The subsystem control device controls the number of logical volumes (N; Number), the capacity of logical volumes (C; Capacity), and the logical volume for the rotary storage medium control device that controls a single rotary storage medium. The size (S; Size) of the unit into which the data is divided is transmitted as a parameter, and an instruction for address layout conversion is issued.

This means also keeps the address of the data block added in ascending order on the rotary storage medium. In the rotary storage medium control device that has received the parameters, the block addresses are arranged so that the units (S) having the same relative position in each logical volume are grouped into one group and exist close to the rotary storage medium. Have the logic to convert

[0016]

When the information at the same relative position in each logical volume is accessed by a plurality of logical volumes by each of these means, the physical movement distance of the head that moves on the rotary storage medium and accesses an arbitrary area. Can be shortened, and high-speed access becomes possible.

In general, information having the same meaning in each logical volume is recorded at the same relative position of each logical volume. Even in a process of updating a plurality of logical volumes, the same logical volume has the same information. The information stored in the relative position is often updated. By incorporating logic for converting the arrangement of data block addresses of a rotary storage medium so that information having the same relative position in each logical volume is close to the rotary storage medium, information can be transferred across a plurality of logical volumes. In the access processing, the physical movement distance of the head is reduced, and the processing performance is improved.

Thus, it is possible to surely improve the general job performance of accessing each information existing at the same relative position in each logical volume.

[0019]

Embodiments of the present invention will be described below in detail with reference to the drawings.

(Embodiment 1) FIG. 1 is a conceptual diagram showing an example of the configuration of a rotary storage subsystem in which a block address conversion method according to an embodiment of the present invention is implemented.
FIG. 1 is a conceptual diagram showing an example of a configuration of a conventional rotary storage subsystem. In the present embodiment, a case where the present invention is applied to a magnetic disk subsystem using a magnetic disk as a medium will be described as an example of a rotary storage subsystem.

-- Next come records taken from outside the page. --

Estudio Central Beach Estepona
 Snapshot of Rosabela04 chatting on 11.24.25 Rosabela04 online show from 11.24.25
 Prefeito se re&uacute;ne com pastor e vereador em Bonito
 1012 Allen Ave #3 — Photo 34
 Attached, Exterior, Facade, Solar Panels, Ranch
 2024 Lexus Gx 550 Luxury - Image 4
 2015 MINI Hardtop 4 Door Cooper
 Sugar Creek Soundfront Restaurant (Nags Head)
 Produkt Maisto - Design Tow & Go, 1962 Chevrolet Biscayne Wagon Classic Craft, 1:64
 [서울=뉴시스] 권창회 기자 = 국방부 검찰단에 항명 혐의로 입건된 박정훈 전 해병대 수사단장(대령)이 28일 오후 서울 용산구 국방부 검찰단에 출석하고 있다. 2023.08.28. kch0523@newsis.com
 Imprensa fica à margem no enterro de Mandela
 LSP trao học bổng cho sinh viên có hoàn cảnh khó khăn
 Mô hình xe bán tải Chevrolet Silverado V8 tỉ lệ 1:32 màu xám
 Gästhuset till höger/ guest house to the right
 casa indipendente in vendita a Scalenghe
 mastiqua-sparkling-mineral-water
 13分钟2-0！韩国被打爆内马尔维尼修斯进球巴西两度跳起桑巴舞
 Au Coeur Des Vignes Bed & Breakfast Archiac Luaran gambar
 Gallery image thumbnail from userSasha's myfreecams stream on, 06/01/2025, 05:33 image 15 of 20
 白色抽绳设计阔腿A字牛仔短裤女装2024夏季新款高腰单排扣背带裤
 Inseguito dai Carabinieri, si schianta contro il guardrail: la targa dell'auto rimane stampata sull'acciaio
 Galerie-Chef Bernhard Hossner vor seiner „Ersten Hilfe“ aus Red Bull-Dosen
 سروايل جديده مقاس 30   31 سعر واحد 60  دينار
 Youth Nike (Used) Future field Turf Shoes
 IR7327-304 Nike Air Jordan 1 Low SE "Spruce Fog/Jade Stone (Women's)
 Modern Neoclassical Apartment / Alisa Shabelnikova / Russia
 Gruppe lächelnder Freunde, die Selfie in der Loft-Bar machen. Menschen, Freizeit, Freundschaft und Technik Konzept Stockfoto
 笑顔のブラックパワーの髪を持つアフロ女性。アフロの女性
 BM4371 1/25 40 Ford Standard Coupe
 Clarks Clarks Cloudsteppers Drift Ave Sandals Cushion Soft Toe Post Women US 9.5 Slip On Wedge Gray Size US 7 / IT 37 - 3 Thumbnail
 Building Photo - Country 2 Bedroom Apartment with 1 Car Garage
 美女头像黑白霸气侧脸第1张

In FIG. 1, 10 is a host computer, 20 is a disk subsystem, 21 is a subsystem control device for controlling the entire disk subsystem, 22 is a disk control device for controlling a single disk, and 23 is a magnetic disk drive , 30 are interface cables for connecting the host computer and the subsystem controller, 4
Reference numeral 0 denotes an interface cable for connecting the subsystem controller and the disk controller, and reference numeral 50 denotes an interface cable for connecting the controller, the disk controller, and the magnetic disk drive. Reference numeral 24 denotes an address transition table showing an example of how an address is converted based on a conversion parameter.

In the case of this embodiment, as an example, the physical storage area of the magnetic disk drive 23 is logically divided into three logical volumes 0 to 2 and managed, and each logical volume further includes: It is divided into five zones 0 to 4, and within each zone, ten data blocks are allocated. Therefore, in the above logical volume, 150
There are data blocks.

Each of the 150 data blocks in all the logical volumes is assigned a logical block address LBA (0 to 149) for uniquely identifying each data block.

On the other hand, the magnetic disk area in the magnetic disk drive 23 is divided into 150 data blocks of the same size as the data blocks in the logical volume.
BA is given. This physical block address PB
A is set in ascending or descending order in a seek direction of a head (not shown) with respect to a magnetic disk as a storage medium and in a rotating direction of the magnetic disk. Data blocks having adjacent physical block addresses PBA are physically located on the magnetic disk. Are also next to each other.

In the case of this embodiment, the subsystem control device 2
1 is provided with an address conversion logic 21a, performs a conversion operation as exemplified in the address transition table 24 in FIG. 1, and responds to an input / output request of data issued from the host computer 10 at a higher level. Issue a data input / output instruction to the subordinate disk controller 22.

First, FIG. 7 shows a drawback of the conventional system in which a physical volume is simply divided into a plurality of logical volumes. Parts corresponding to those in the configuration of the present embodiment are denoted by the same reference numerals.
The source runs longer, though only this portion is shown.